• Task goal: Wherever a picture appears, leave it out; set down everything else in the records exactly.

• Raw data:
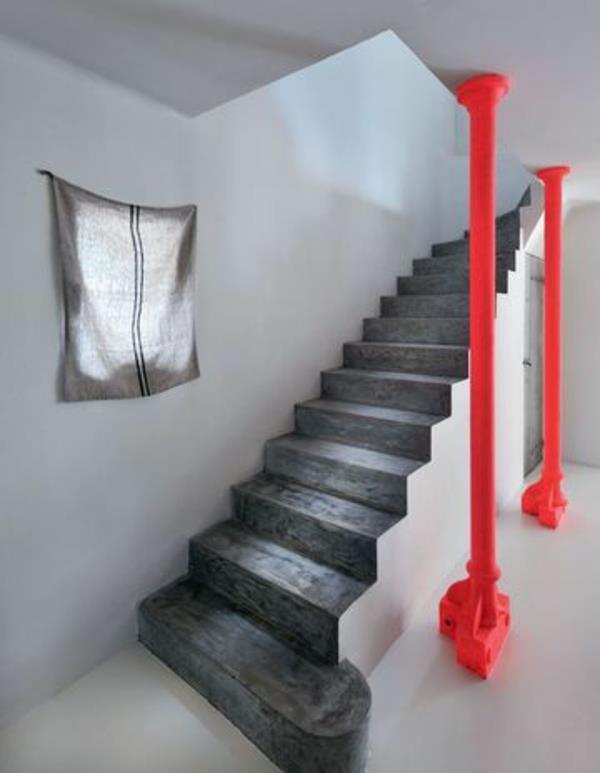 suunnittelu portaat suunnitteluideoita kiviportaat oranssi pilarit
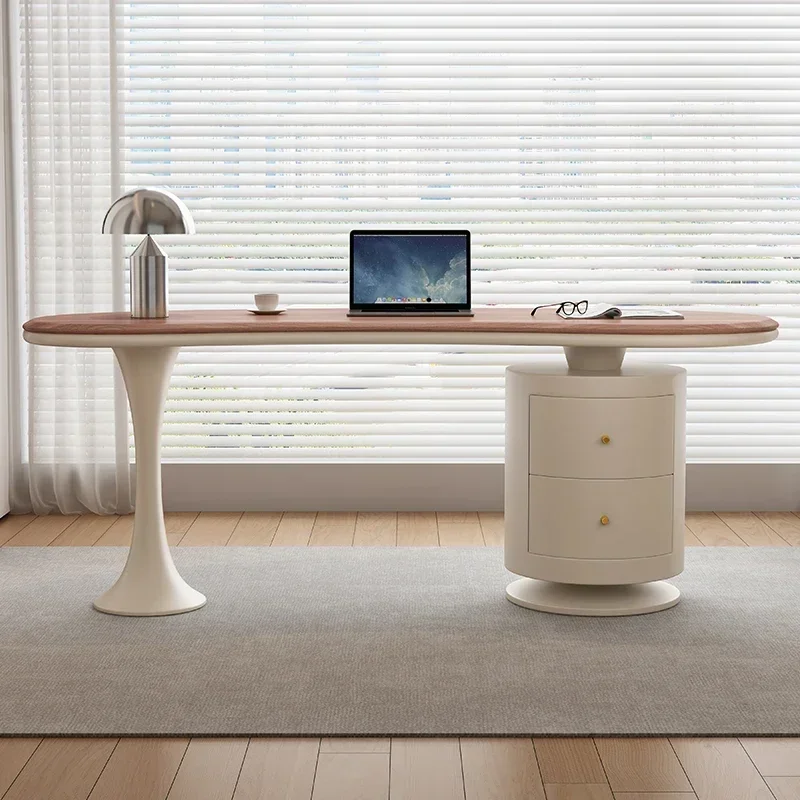 Luz de juegos de oficina, escritorio de madera maciza de nogal de estilo crema moderno de lujo, escritorio de escritura para ordenador de oficina, escritorios para habitación, mesa de ordenador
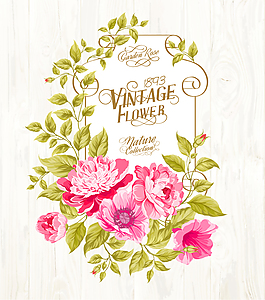 粉色花卉木紋背景矢量素材下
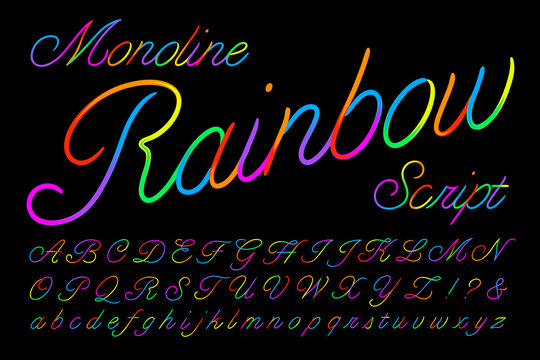 A Single-Weight Script Alphabet with Rainbow Colored Effects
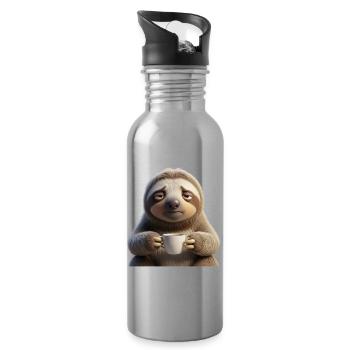 Lustiges müdes Faultier mit Kaffee - Trinkflasche mit integriertem Trinkhalm - Lightsilver - Rechts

• Answer for this exercise:
 suunnittelu portaat suunnitteluideoita kiviportaat oranssi pilarit
 Luz de juegos de oficina, escritorio de madera maciza de nogal de estilo crema moderno de lujo, escritorio de escritura para ordenador de oficina, escritorios para habitación, mesa de ordenador
 粉色花卉木紋背景矢量素材下
 A Single-Weight Script Alphabet with Rainbow Colored Effects
 Lustiges müdes Faultier mit Kaffee - Trinkflasche mit integriertem Trinkhalm - Lightsilver - Rechts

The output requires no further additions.